> [Data below]
________________________

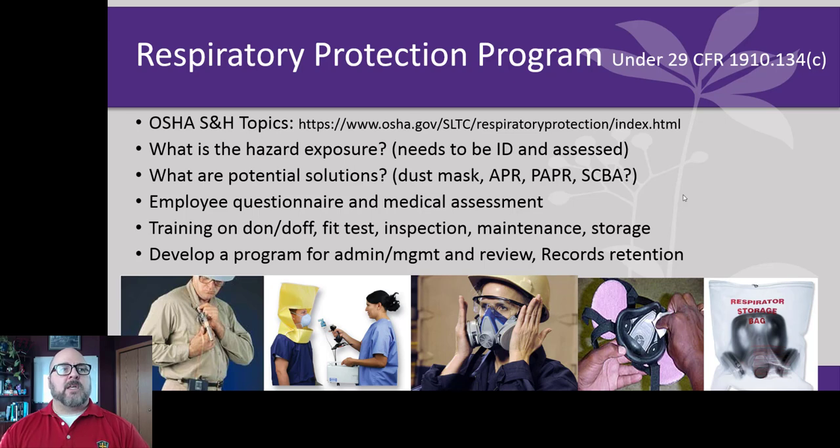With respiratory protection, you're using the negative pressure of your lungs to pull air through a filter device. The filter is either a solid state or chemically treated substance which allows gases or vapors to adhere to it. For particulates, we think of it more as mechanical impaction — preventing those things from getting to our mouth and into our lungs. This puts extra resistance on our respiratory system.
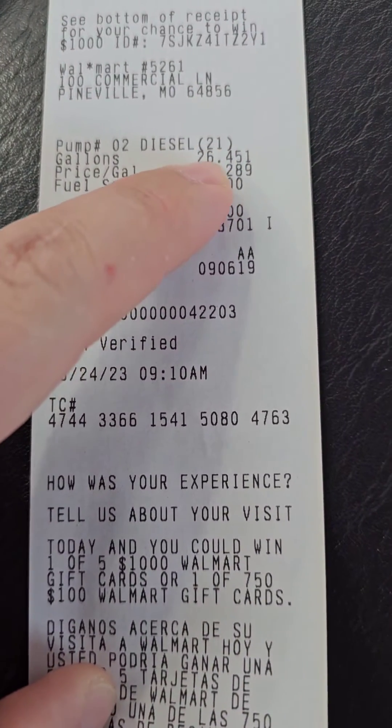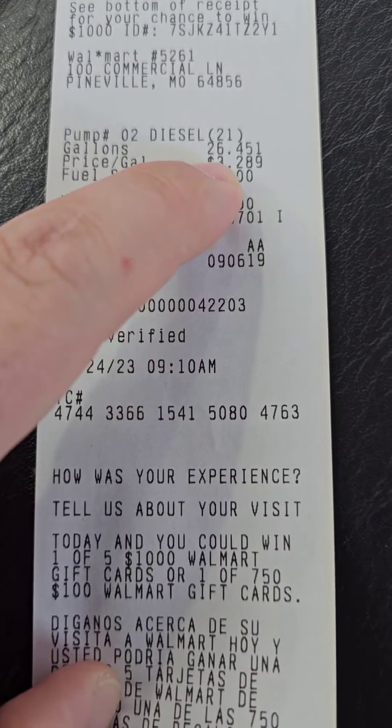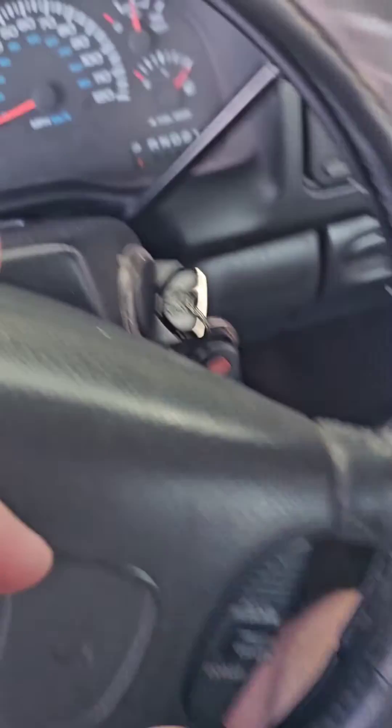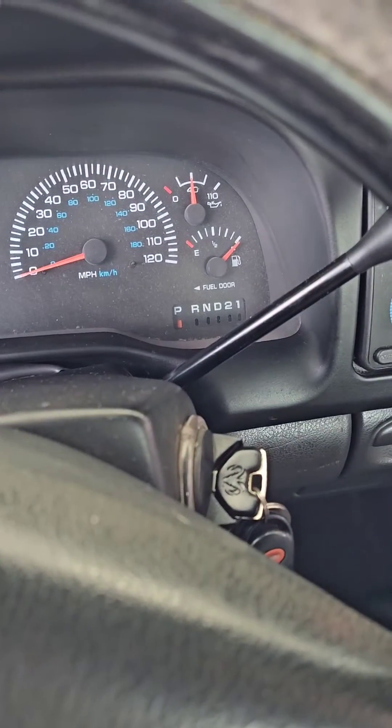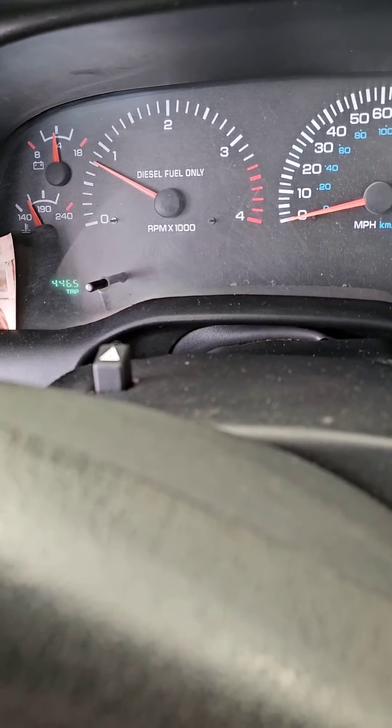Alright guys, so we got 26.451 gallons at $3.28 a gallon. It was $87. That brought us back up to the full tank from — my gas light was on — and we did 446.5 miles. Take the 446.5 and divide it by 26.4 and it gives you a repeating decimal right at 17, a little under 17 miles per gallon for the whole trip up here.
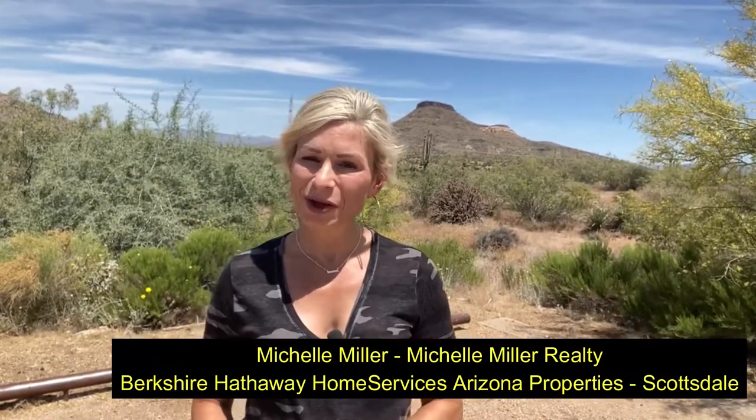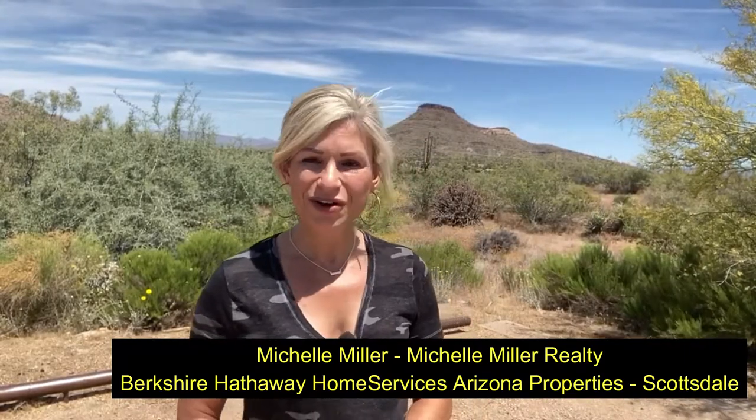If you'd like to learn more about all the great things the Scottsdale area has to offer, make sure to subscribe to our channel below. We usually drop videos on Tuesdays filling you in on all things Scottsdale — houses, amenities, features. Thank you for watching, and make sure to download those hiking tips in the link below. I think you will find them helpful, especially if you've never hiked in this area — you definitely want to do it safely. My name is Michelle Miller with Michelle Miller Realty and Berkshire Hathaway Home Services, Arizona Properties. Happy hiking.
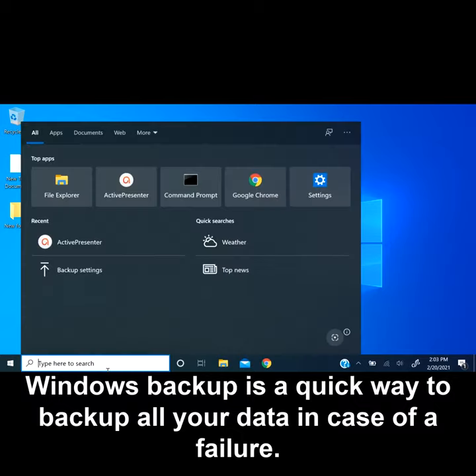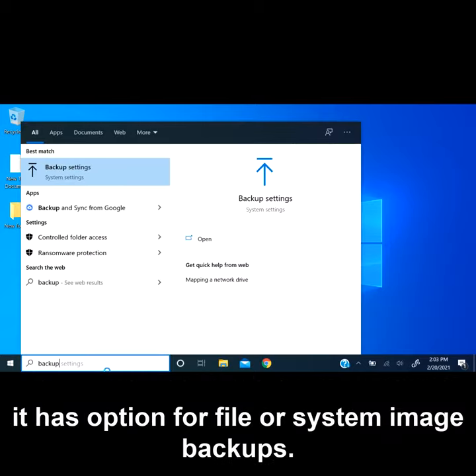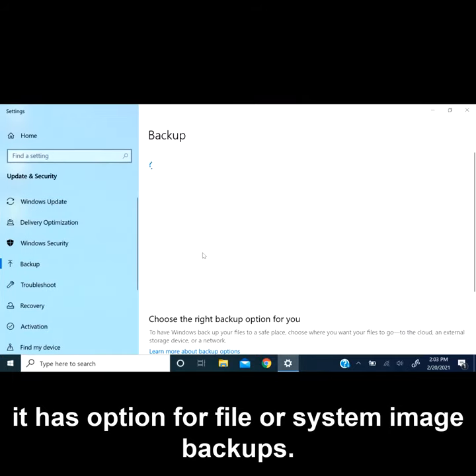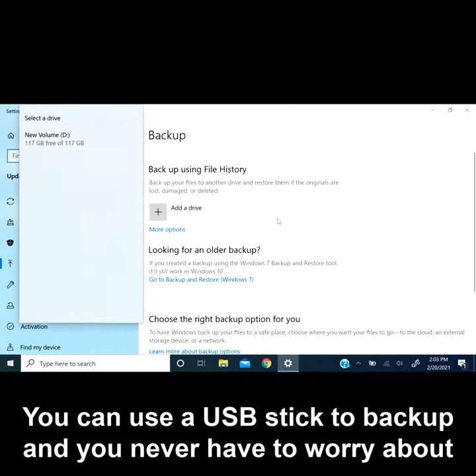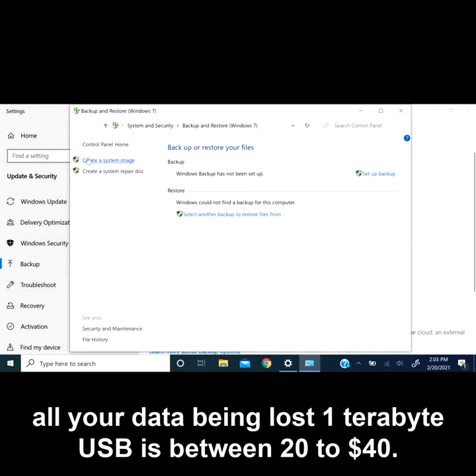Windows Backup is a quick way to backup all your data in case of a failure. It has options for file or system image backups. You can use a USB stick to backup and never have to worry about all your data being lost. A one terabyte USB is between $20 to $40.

________________________

> [Directions for this task] Set down nothing but the lines from the one containing "Alright guys, so" to the final line above, both included, with every picture left out.

> [Result of the task]
Alright guys, so we got 26.451 gallons at $3.28 a gallon. It was $87. That brought us back up to the full tank from — my gas light was on — and we did 446.5 miles. Take the 446.5 and divide it by 26.4 and it gives you a repeating decimal right at 17, a little under 17 miles per gallon for the whole trip up here.
If you'd like to learn more about all the great things the Scottsdale area has to offer, make sure to subscribe to our channel below. We usually drop videos on Tuesdays filling you in on all things Scottsdale — houses, amenities, features. Thank you for watching, and make sure to download those hiking tips in the link below. I think you will find them helpful, especially if you've never hiked in this area — you definitely want to do it safely. My name is Michelle Miller with Michelle Miller Realty and Berkshire Hathaway Home Services, Arizona Properties. Happy hiking.
Windows Backup is a quick way to backup all your data in case of a failure. It has options for file or system image backups. You can use a USB stick to backup and never have to worry about all your data being lost. A one terabyte USB is between $20 to $40.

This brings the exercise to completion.